WindowGenerator.split_window = split_window


In [None]:
def plot(self, model=None, plot_col='AggregateLoad', max_subplots=3):
    # https://www.tensorflow.org/tutorials/structured_data/time_series#3_plot
  inputs, labels = self.example
  plt.figure(figsize=(12, 8))
  plot_col_index = self.column_indices[plot_col]
  max_n = min(max_subplots, len(inputs))
  for n in range(max_n):
    plt.subplot(max_n, 1, n+1)
    plt.ylabel(f'{plot_col} [normed]')
    plt.plot(self.input_indices, inputs[n, :, plot_col_index],
             label='Inputs', marker='.', zorder=-10)

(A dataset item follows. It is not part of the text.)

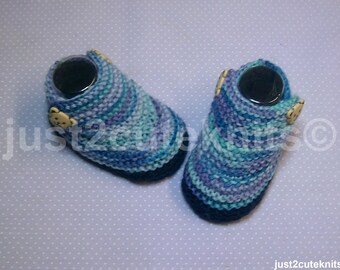 Hand Knitted Designer Baby Boy Booties Newborn Special Occasion Baby Shower Original Reborn Doll #81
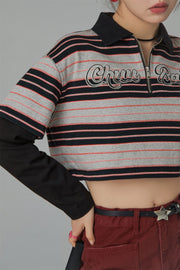 Only Upwards Color Stripe Crop T-Shirt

    if self.label_columns:
      label_col_index = self.label_columns_indices.get(plot_col, None)
    else:
      label_col_index = plot_col_index

    if label_col_index is None:
      continue

    plt.scatter(self.label_indices, labels[n, :, label_col_index],
                edgecolors='k', label='Labels', c='#2ca02c', s=64)
    if model is not None:
      predictions = model(inputs)
      plt.scatter(self.label_indices, predictions[n, :, label_col_index],
                  marker='X', edgecolors='k', label='Predictions',
                  c='#ff7f0e', s=64)

    if n == 0:
      plt.legend()

  plt.xlabel('Time [h]')

WindowGenerator.plot = plot

In [None]:
def make_dataset(self, data):
    # https://www.tensorflow.org/tutorials/structured_data/time_series#4_create_tfdatadatasets
  data = np.array(data, dtype=np.float32)
  ds = tf.keras.utils.timeseries_dataset_from_array(
      data=data,
      targets=None,
      sequence_length=self.total_window_size,
      sequence_stride=1,
      shuffle=True,
      seed=randomState,
      batch_size=32,)

  ds = ds.map(self.split_window)

  return ds

WindowGenerator.make_dataset = make_dataset

In [None]:
# https://www.tensorflow.org/tutorials/structured_data/time_series#4_create_tfdatadatasets
@property
def train(self):
  return self.make_dataset(self.train_df)

@property
def val(self):
  return self.make_dataset(self.val_df)

@property
def test(self):
  return self.make_dataset(self.test_df)

@property
def example(self):
  """Get and cache an example batch of `inputs, labels` for plotting."""
  result = getattr(self, '_example', None)
  if result is None:
    # No example batch was found, so get one from the `.train` dataset
    result = next(iter(self.train))
    # And cache it for next time
    self._example = result
  return result

WindowGenerator.train = train
WindowGenerator.val = val
WindowGenerator.test = test
WindowGenerator.example = example

In [None]:
# Prepare data for one-shot multi-step
OUT_STEPS = 48 # 24 hour forecast
IN_STEPS = 336 # look back 1 week
multi_window = WindowGenerator(input_width=IN_STEPS,
                               label_width=OUT_STEPS,
                               shift=OUT_STEPS)

multi_window.plot()
multi_window

# Use a naive persistence model as baseline to compare more sophisticated models
Use a 1 week persistence

Georgios Tziolis, Chrysovalantis Spanias, Maria Theodoride, Spyros Theocharides, Javier Lopez-Lorente, Andreas Livera, George Makrides, George E. Georghiou,

Short-term electric net load forecasting for solar-integrated distribution systems based on Bayesian neural networks and statistical post-processing,

Energy,
Volume 271,
2023,
127018,
ISSN 0360-5442,

https://doi.org/10.1016/j.energy.2023.127018.

In [None]:
# capture performnce of models
multi_val_performance = {}
multi_performance = {}

In [None]:
# https://www.tensorflow.org/tutorials/structured_data/time_series#linear_model
MAX_EPOCHS = 50

def compile_and_fit(model, window, patience=2):
  early_stopping = tf.keras.callbacks.EarlyStopping(monitor='val_loss',
                                                    patience=patience,
                                                    mode='min')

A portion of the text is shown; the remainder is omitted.